Exercise inputs
:::

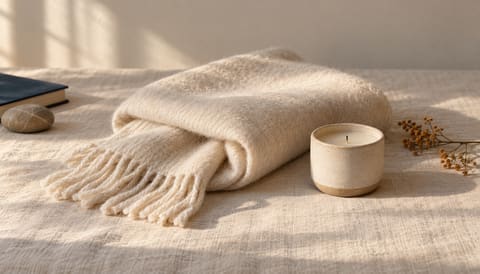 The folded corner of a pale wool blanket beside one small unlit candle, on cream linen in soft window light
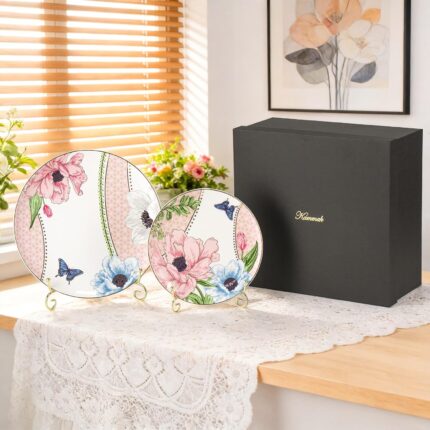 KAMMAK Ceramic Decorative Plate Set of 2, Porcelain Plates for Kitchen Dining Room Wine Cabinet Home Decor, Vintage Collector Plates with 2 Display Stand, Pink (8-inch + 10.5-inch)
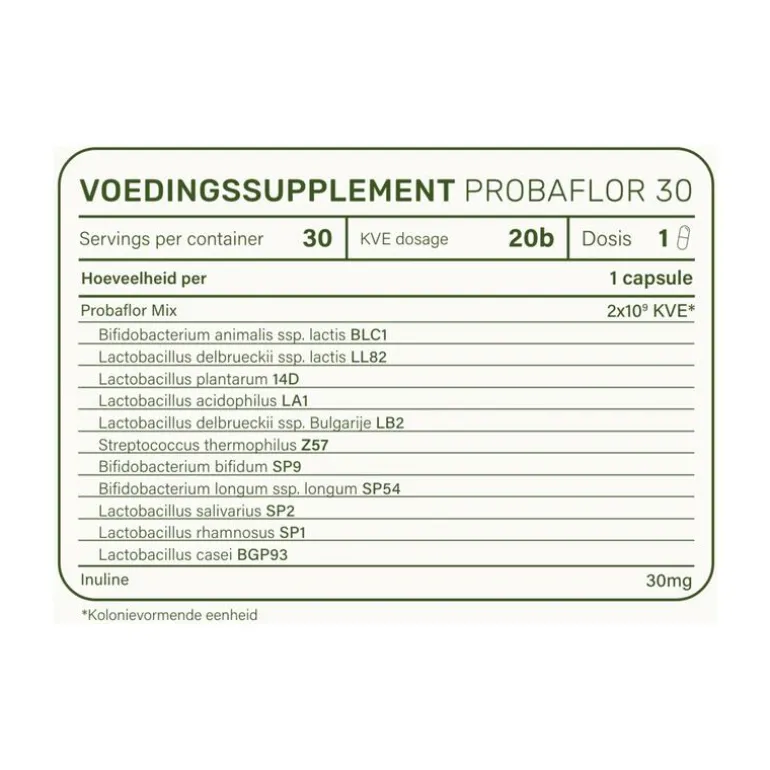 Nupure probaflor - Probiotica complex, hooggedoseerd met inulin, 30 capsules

:::

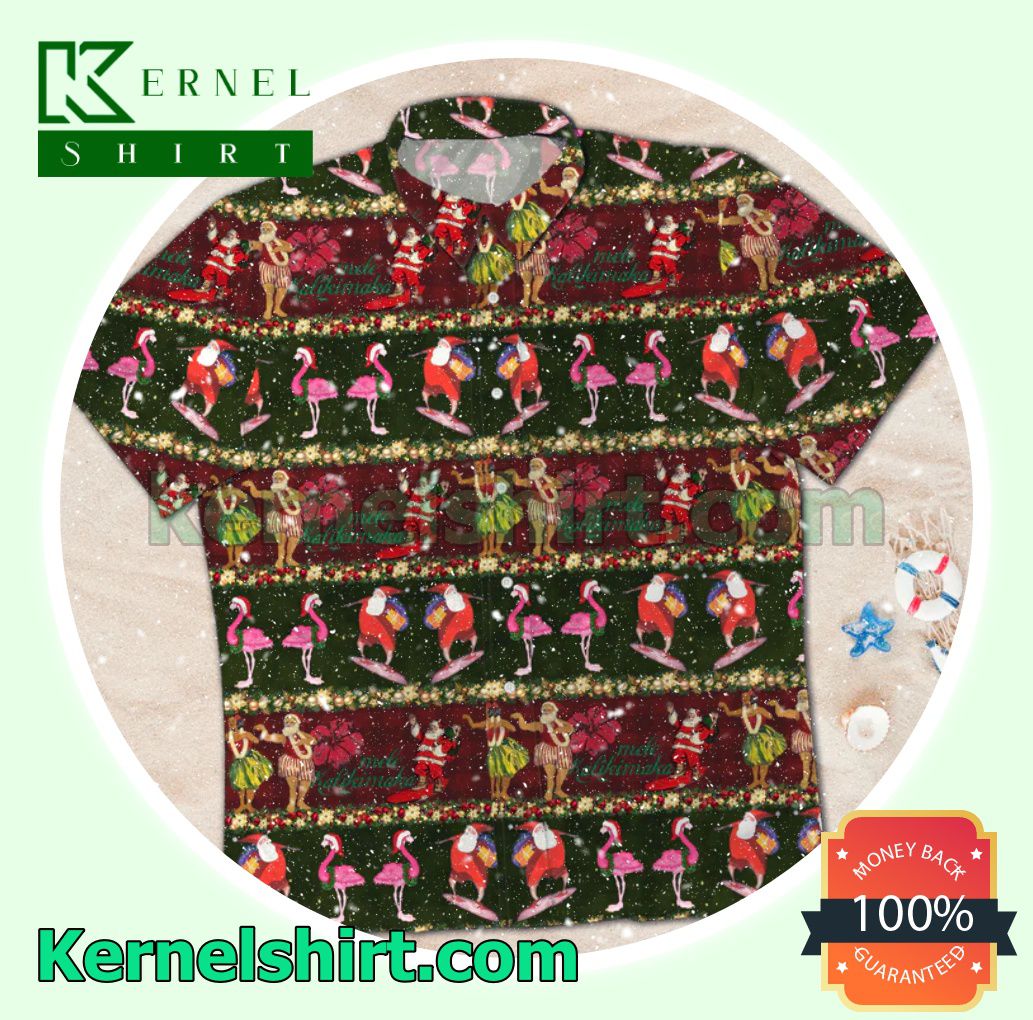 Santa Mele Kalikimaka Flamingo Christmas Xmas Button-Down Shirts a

:::

Activity
Copy back exactly the lines above from the one containing "The folded corner" through the one containing "Nupure probaflor - Probiotica", and leave every picture behind.

Written solution
 The folded corner of a pale wool blanket beside one small unlit candle, on cream linen in soft window light
 KAMMAK Ceramic Decorative Plate Set of 2, Porcelain Plates for Kitchen Dining Room Wine Cabinet Home Decor, Vintage Collector Plates with 2 Display Stand, Pink (8-inch + 10.5-inch)
 Nupure probaflor - Probiotica complex, hooggedoseerd met inulin, 30 capsules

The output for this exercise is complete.